[Stored data]
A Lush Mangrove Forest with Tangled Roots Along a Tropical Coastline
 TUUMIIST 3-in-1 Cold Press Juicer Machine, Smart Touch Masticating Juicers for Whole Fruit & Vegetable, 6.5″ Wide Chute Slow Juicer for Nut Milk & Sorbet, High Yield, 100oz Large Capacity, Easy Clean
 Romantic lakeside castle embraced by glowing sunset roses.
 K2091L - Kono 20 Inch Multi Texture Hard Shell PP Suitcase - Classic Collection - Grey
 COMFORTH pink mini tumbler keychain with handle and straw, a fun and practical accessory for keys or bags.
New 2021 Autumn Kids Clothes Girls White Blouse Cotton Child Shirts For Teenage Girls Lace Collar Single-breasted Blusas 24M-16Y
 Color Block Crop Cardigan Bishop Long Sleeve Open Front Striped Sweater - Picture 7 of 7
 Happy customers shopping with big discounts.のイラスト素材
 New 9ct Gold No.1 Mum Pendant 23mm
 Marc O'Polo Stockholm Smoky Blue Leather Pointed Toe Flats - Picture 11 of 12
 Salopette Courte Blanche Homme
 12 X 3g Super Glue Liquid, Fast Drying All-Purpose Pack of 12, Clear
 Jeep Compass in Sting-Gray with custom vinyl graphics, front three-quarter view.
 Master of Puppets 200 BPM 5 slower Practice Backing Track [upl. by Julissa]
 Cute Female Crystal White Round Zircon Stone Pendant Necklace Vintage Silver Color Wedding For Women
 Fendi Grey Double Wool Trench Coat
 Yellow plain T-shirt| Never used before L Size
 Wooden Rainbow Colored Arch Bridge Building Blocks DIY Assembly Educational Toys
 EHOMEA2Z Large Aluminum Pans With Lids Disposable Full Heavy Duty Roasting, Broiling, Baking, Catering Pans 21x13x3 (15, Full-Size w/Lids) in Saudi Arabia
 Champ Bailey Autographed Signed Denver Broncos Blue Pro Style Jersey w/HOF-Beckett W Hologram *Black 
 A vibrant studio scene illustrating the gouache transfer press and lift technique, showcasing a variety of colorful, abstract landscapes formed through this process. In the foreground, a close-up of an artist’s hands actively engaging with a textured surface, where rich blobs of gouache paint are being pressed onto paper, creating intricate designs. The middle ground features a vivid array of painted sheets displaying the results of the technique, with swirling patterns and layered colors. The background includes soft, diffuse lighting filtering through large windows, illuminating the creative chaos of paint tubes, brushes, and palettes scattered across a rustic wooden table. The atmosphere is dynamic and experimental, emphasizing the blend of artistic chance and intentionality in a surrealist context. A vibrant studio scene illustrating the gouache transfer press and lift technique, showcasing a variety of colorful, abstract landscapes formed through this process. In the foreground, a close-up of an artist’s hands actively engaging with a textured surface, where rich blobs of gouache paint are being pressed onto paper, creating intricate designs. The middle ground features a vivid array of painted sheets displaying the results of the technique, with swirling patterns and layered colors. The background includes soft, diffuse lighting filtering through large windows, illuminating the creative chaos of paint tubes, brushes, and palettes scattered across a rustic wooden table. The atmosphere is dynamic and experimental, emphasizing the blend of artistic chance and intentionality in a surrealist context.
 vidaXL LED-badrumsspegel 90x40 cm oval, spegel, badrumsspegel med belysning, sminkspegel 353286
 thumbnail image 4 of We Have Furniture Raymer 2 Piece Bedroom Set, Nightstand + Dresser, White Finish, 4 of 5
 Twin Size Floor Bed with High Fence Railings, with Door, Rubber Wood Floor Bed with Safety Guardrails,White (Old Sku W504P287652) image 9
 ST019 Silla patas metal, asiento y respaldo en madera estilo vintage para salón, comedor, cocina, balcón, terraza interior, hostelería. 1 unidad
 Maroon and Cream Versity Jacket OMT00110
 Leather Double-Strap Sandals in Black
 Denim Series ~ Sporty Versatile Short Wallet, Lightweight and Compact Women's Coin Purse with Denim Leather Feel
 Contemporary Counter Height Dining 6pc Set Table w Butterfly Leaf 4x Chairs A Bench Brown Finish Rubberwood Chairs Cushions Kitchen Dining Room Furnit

The task — The stretch of entries above that starts with the line containing "Wooden Rainbow Colored" and goes on through the line containing "Champ Bailey Autographed" is to be transcribed exactly, and no other line is to be transcribed.

Answer to the exercise —
 Wooden Rainbow Colored Arch Bridge Building Blocks DIY Assembly Educational Toys
 EHOMEA2Z Large Aluminum Pans With Lids Disposable Full Heavy Duty Roasting, Broiling, Baking, Catering Pans 21x13x3 (15, Full-Size w/Lids) in Saudi Arabia
 Champ Bailey Autographed Signed Denver Broncos Blue Pro Style Jersey w/HOF-Beckett W Hologram *Black 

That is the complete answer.